DATASET EXCERPT
════════════════

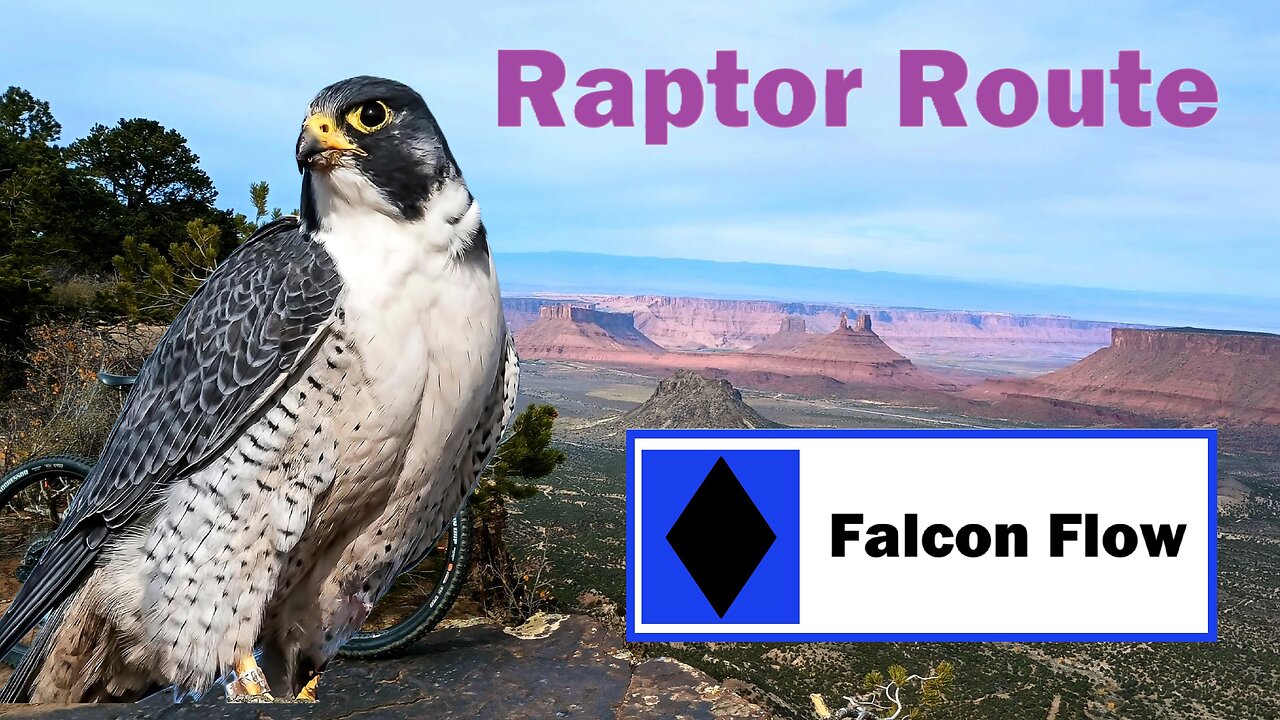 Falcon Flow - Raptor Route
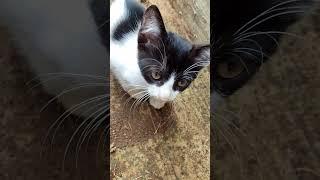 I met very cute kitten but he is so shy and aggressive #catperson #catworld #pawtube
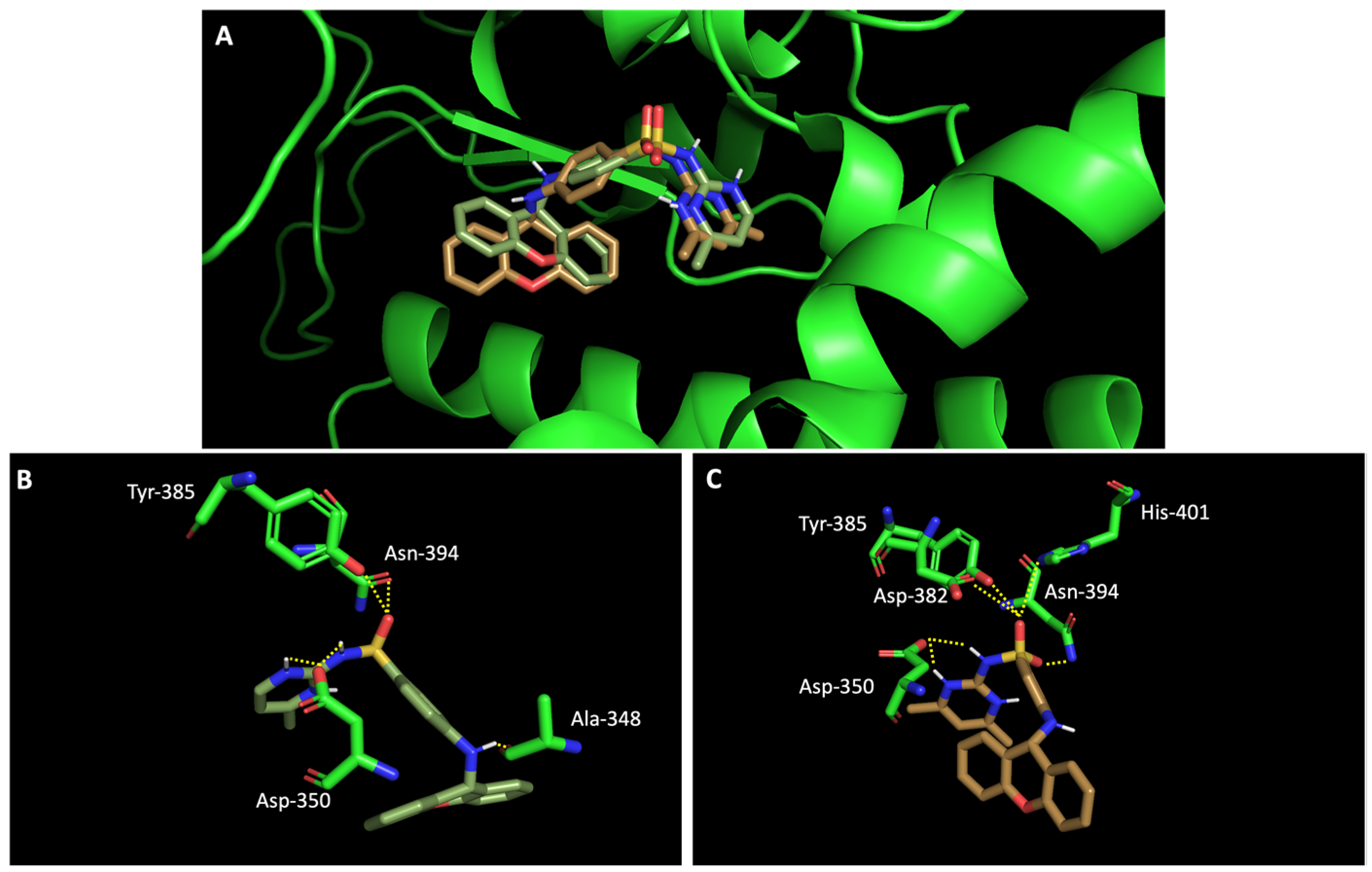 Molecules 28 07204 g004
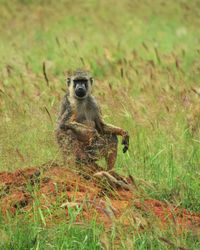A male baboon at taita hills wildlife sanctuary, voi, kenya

════════════════

Your answer must be the full listing, word for word, minus any images.

RESPONSE AREA
 Falcon Flow - Raptor Route
 I met very cute kitten but he is so shy and aggressive #catperson #catworld #pawtube
 Molecules 28 07204 g004
A male baboon at taita hills wildlife sanctuary, voi, kenya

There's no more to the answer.